▶ [Data for this exercise]
⟨

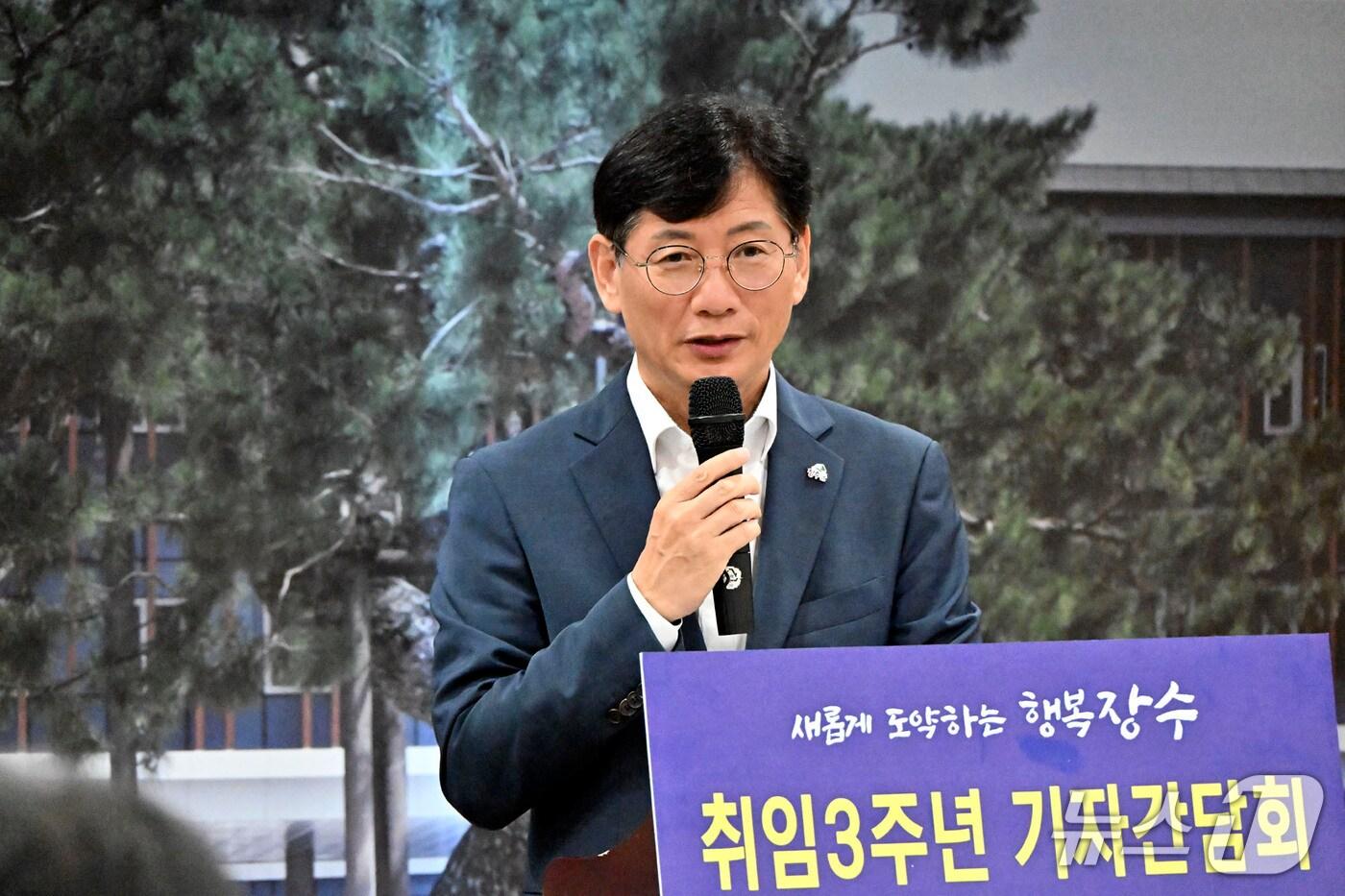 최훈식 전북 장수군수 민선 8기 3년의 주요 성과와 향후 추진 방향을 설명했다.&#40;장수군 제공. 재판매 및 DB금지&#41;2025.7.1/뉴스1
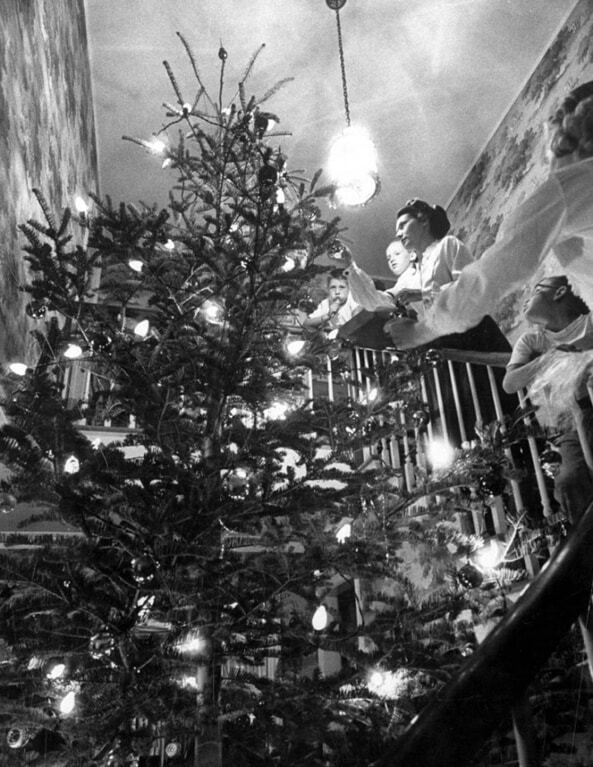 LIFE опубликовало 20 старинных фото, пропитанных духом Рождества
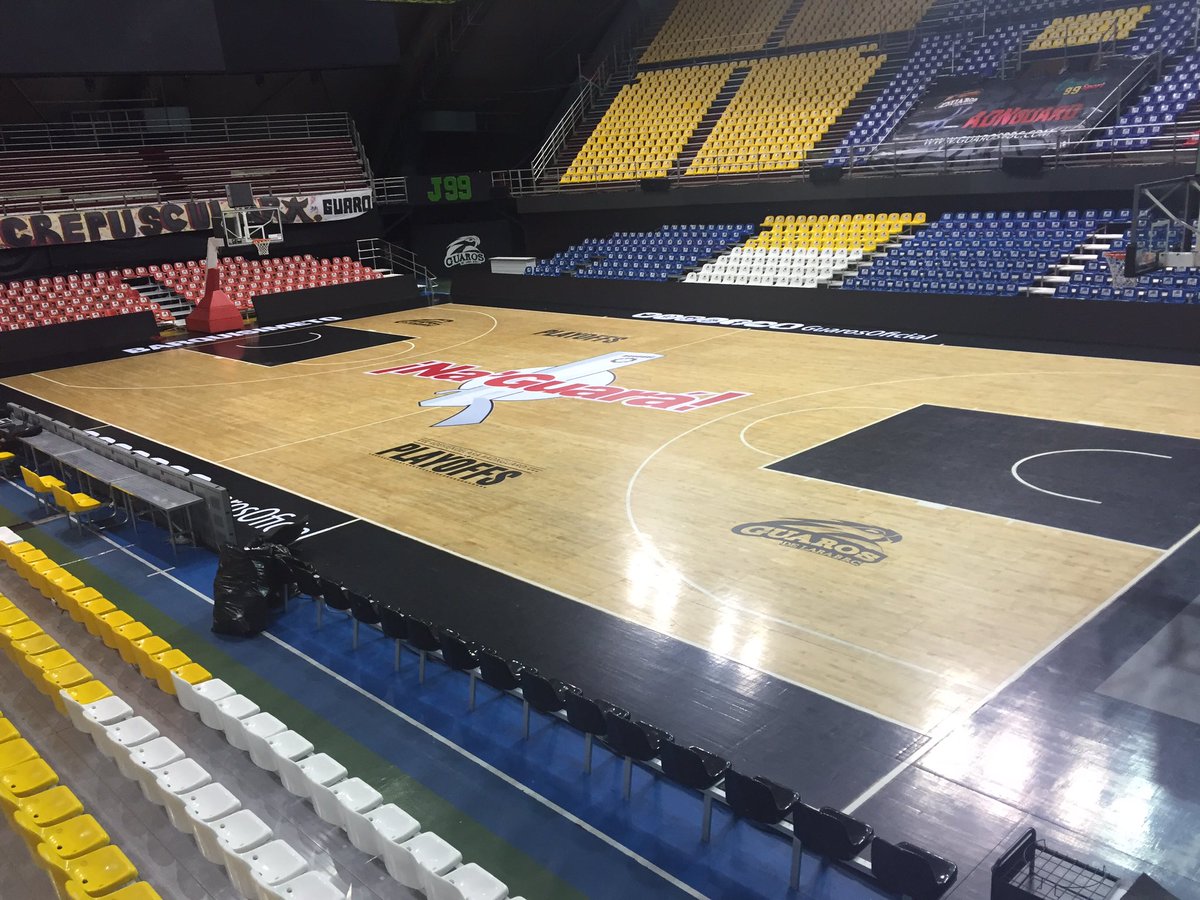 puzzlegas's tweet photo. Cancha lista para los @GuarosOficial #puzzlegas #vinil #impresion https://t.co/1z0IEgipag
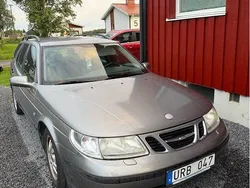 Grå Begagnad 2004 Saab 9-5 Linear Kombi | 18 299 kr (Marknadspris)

⟩
⟨

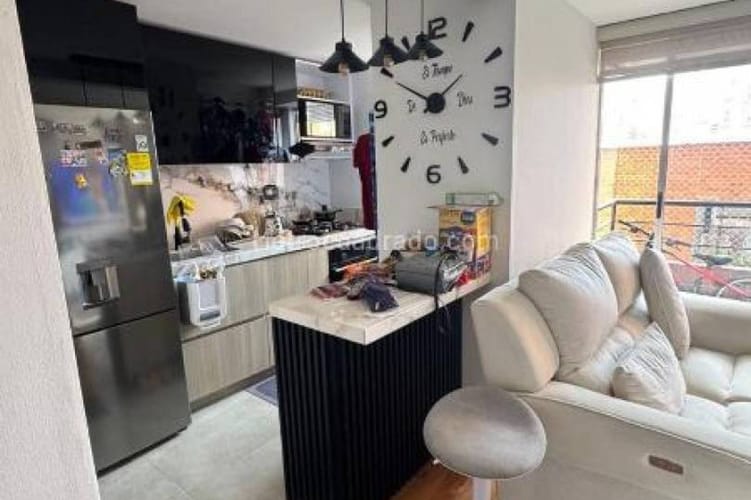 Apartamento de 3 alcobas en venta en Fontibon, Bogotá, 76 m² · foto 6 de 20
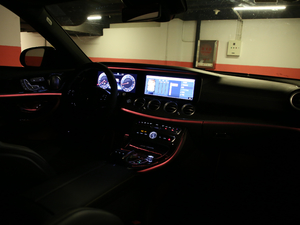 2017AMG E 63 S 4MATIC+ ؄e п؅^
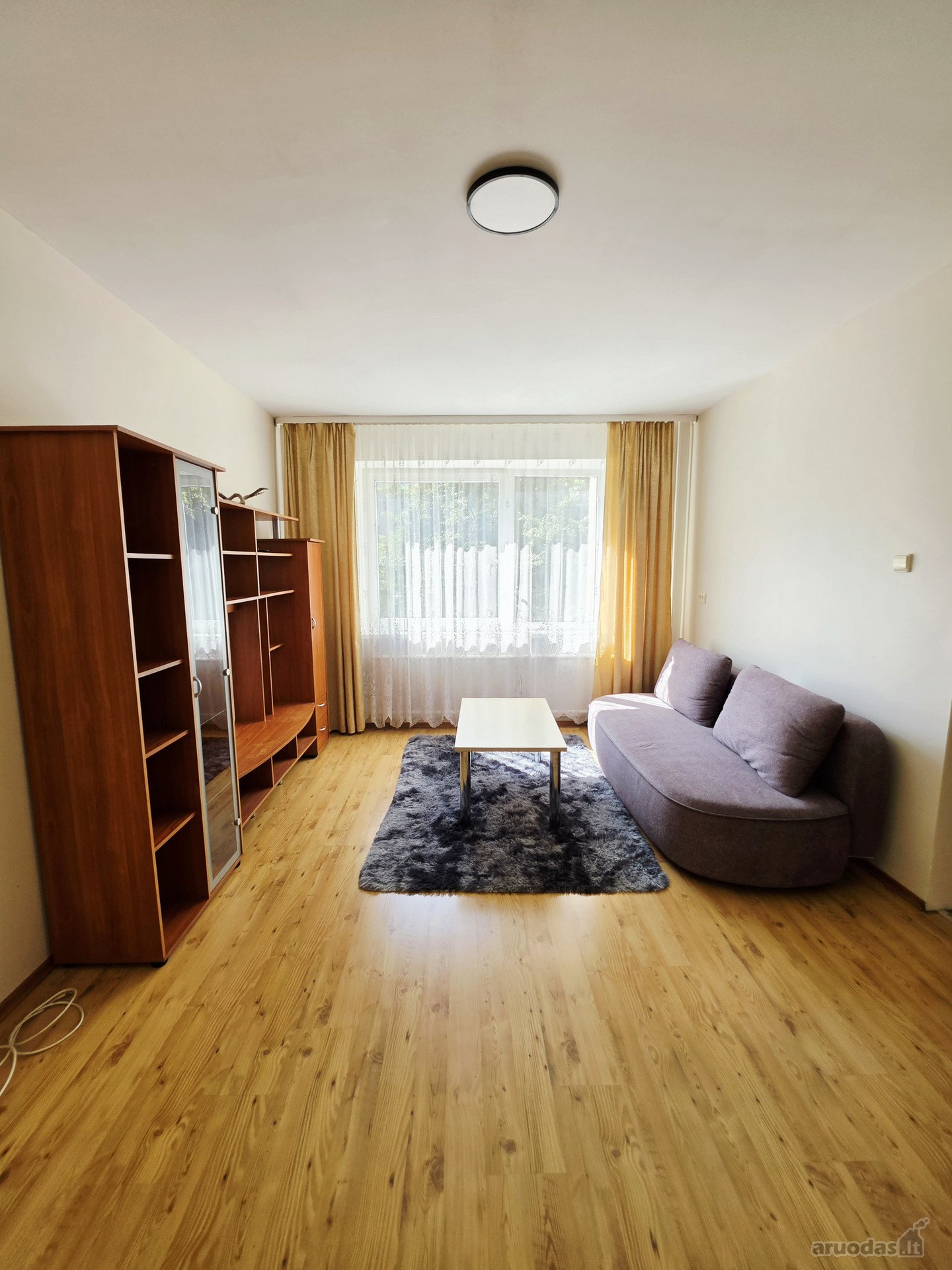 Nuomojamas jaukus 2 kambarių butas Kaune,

⟩
⟨

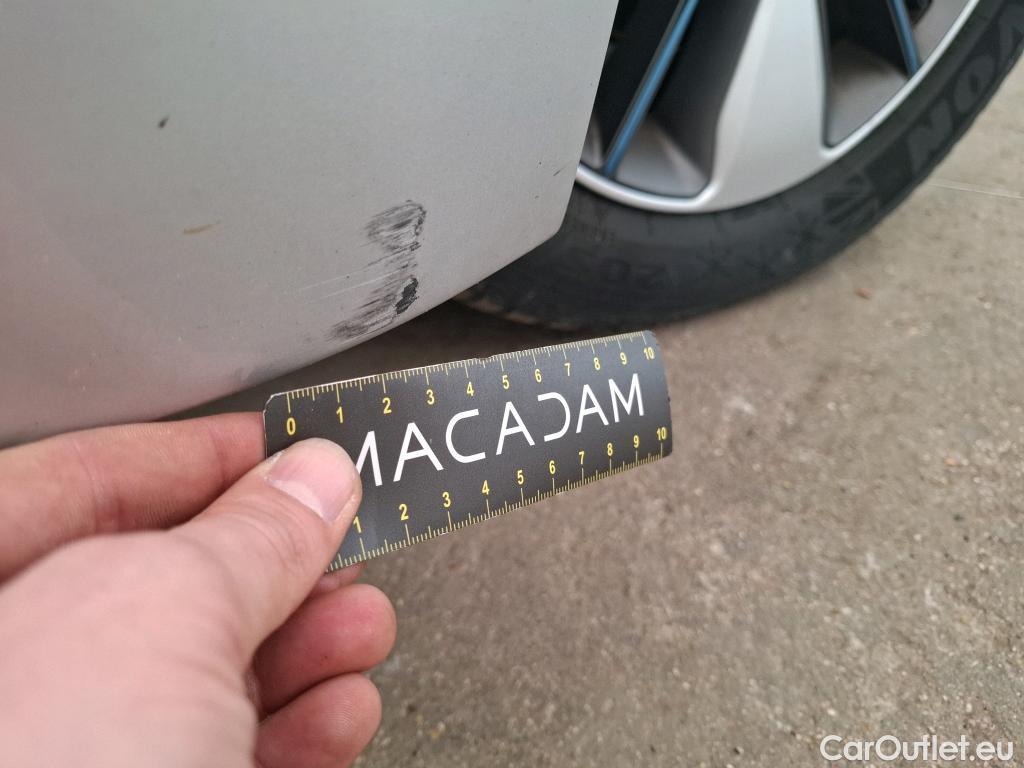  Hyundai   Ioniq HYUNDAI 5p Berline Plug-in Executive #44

⟩

▶ [Your assignment] Only one stretch of the data is wanted: write out exactly the lines from the one holding "Apartamento de 3" through the one holding "Nuomojamas jaukus 2", both included, without the pictures.

▶ [Exercise answer]
 Apartamento de 3 alcobas en venta en Fontibon, Bogotá, 76 m² · foto 6 de 20
 2017AMG E 63 S 4MATIC+ ؄e п؅^
 Nuomojamas jaukus 2 kambarių butas Kaune,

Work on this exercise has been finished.